Getting ready to leave Siem Reap Cambodia
There's Captain Peter Whittick just having fun and welcoming us back to our private jet
The big news is: Rain across much of the Indian subcontinent and especially at the Taj Mahal. Drenching rain too.
It is the approach to the Taj that is most impressive. The grounds are huge and well kept, giving an impression of grandeur and elegance.
Constructed of beautiful white marble, the Taj began to be constructed in 1632. A brief history of the building is here.
Its all about the approach. The rain had stopped for a few minutes so that I could pull out my camera.
Everything is symmetrical about the building such that any half of it is a mirror image of the other
The entrance vaulted ceiling
Adjacent buildings are made of red sandstone, quarried in the nearby sate of Rajasthan
When entering the tomb, you can see how detaled the marble was cut
And there are incredible inlaid patterns made with semi=precious gems. The green is a type of chert, the red is jasper. A story about the stones of the Taj is here.

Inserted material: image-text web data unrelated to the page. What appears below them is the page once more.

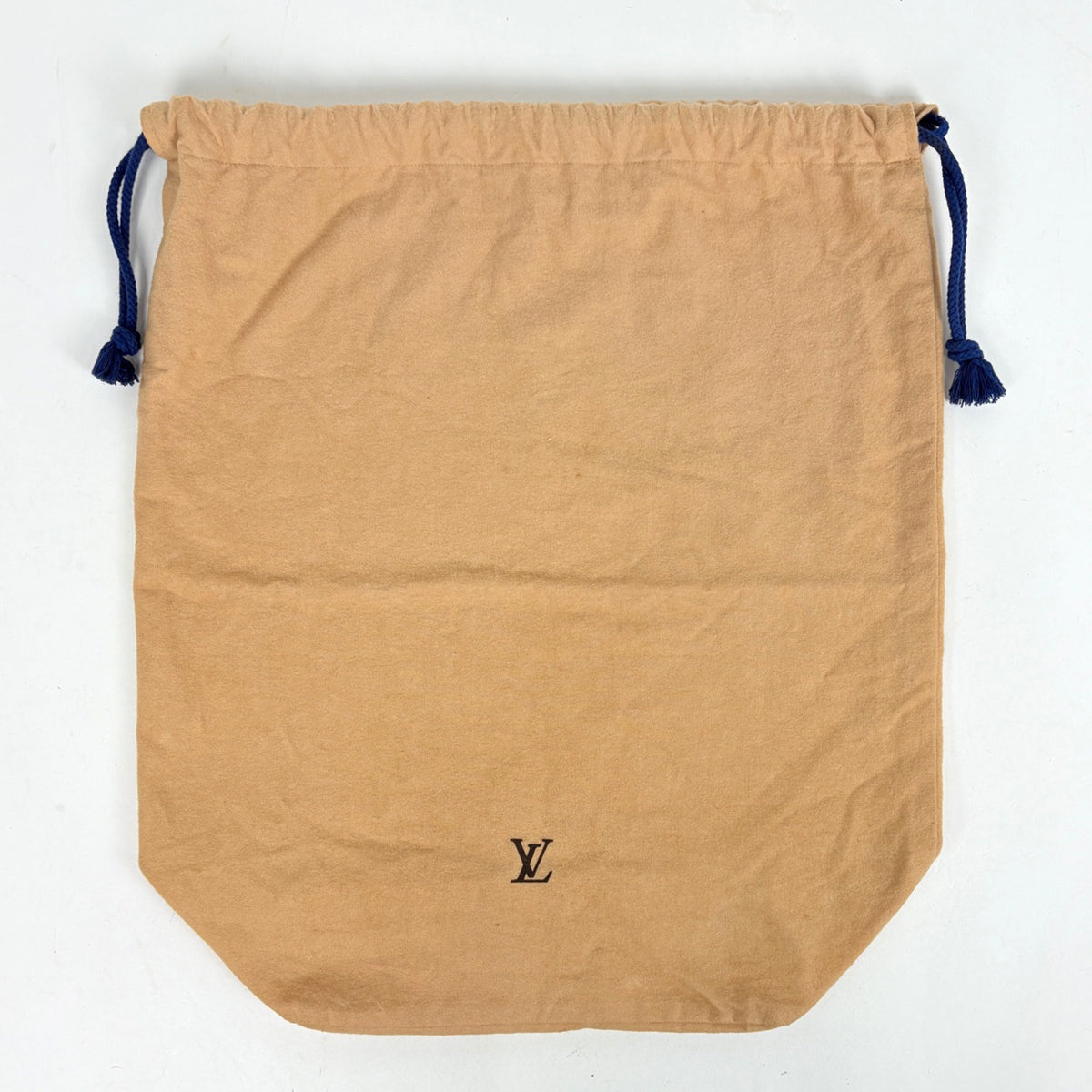 ルイ ヴィトン エピ プチ・ノエ ショルダーバッグ レディース M5901 中古・古着通販】LOUIS VUITTON (ルイ ヴィトン) エピ プチノエ ワン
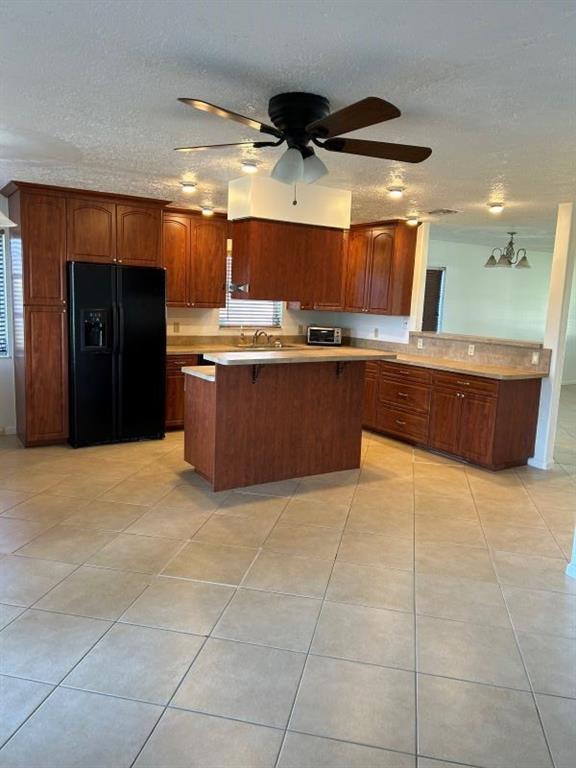 Port St Lucie Sec 26 - Residential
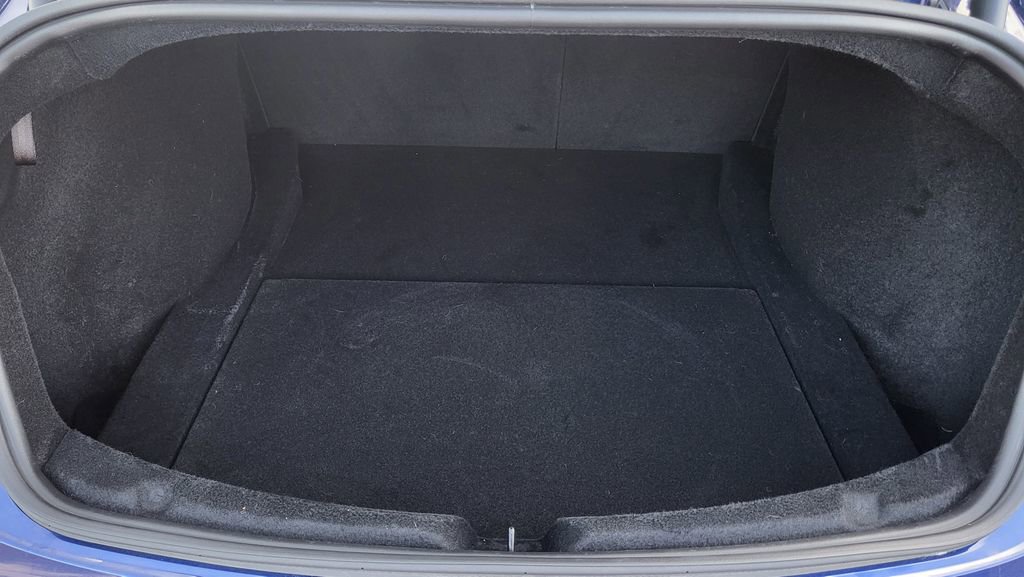 Used 2025 Tesla Model 3 Long Range image 12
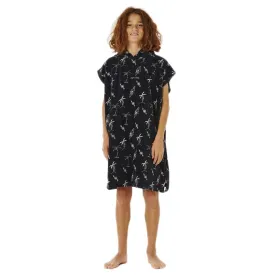 rip-curl-mixed-폰초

No photo's are allowed inside the tomb and it is too dark anyway to see much anyway. But after we exited from inside the Taj Mahal we found that the skies had opened up over Agra.In fact, this was a weather front that proved to be big news across India. This is the dry season and rain such as this was unusual. Temperatures plummeted to 19 degrees Celsius (66 degrees F) setting records for this date in some locations. Two people were struck by lightning in Agra. And hail fell in many parts of neighboring states, damaging crops significantly. Everyone mentioned how strange it was and chalked it up to other weather phenomena that seem to be unusual lately.
The rain poured off of the roof of the Taj much like it does in Marble Canyon back home after a deluge
The marble was quite slick while wet. Although the weather was not perfect, we enjoyed this 4-hour stop to see a wonder that was named a World Heritage Site by UNESCO in 1983.